◆ **INSTRUCTIONS TO FOLLOW**
Beneath this task are the entries; from the line with "WESTINGHOUSE GCA4530 AC" through the last one, transcribe every line exactly and nothing else, skipping pictures.

Web page caption snippets:

○ ○ ○

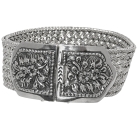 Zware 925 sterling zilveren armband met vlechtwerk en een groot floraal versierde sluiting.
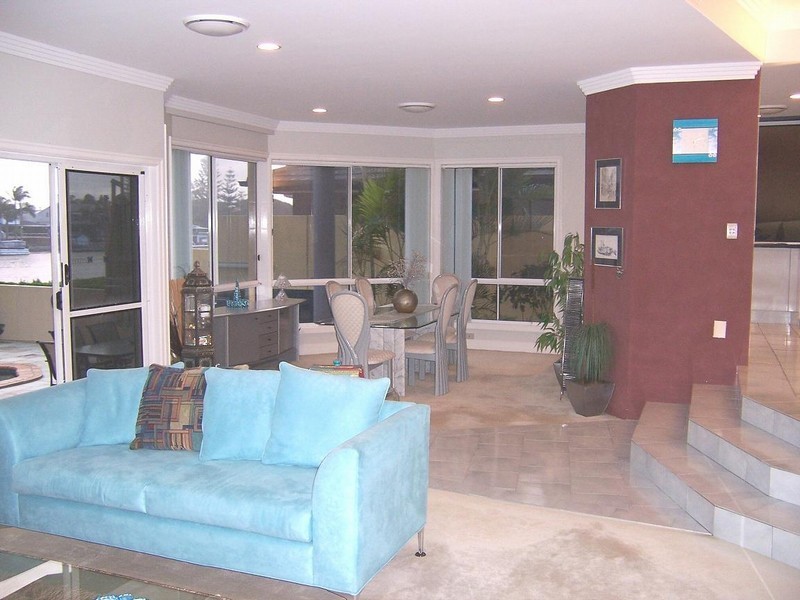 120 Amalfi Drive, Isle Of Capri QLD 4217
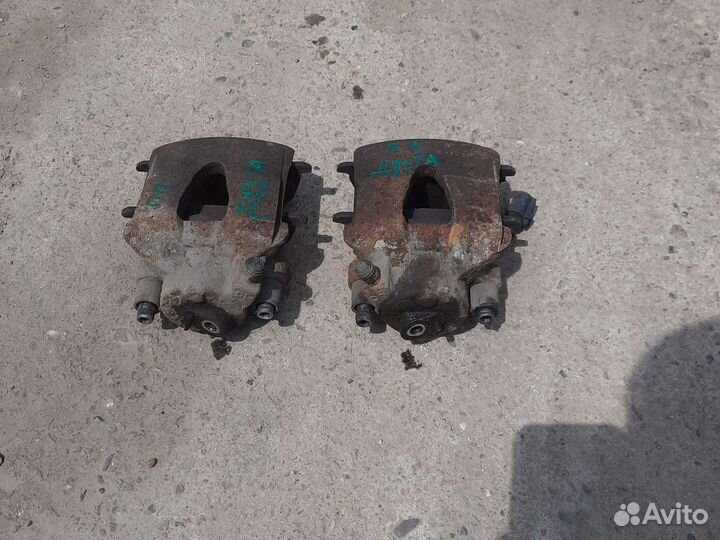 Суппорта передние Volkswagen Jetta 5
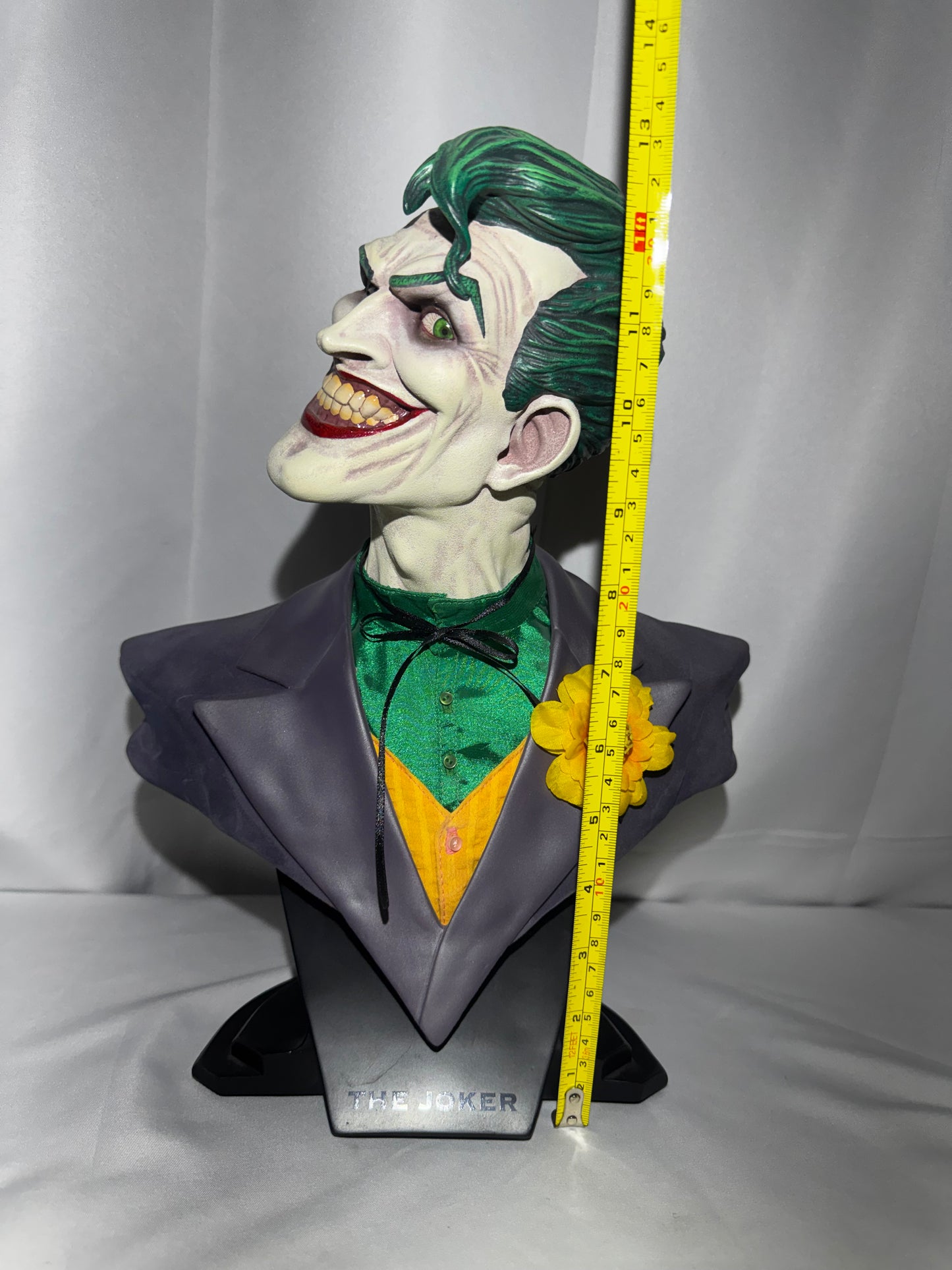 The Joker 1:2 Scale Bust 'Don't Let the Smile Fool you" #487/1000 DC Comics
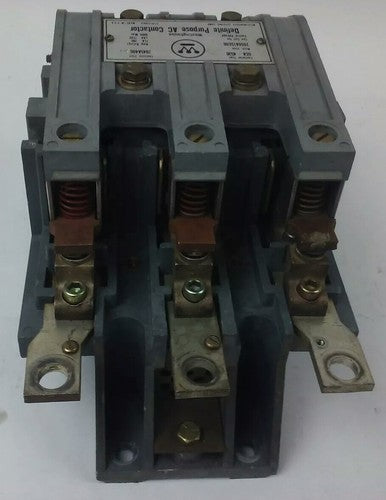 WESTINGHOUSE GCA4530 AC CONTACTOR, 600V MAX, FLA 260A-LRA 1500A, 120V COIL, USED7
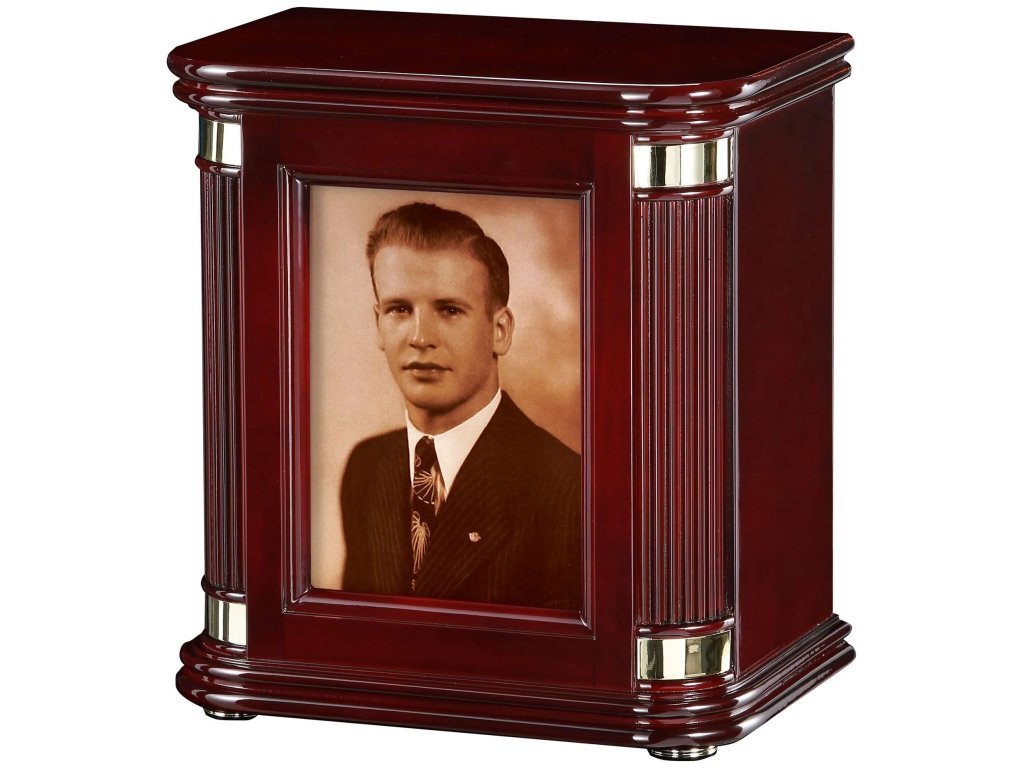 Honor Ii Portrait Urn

○ ○ ○

◆ **ANSWER TO THIS PROBLEM**
 WESTINGHOUSE GCA4530 AC CONTACTOR, 600V MAX, FLA 260A-LRA 1500A, 120V COIL, USED7
 Honor Ii Portrait Urn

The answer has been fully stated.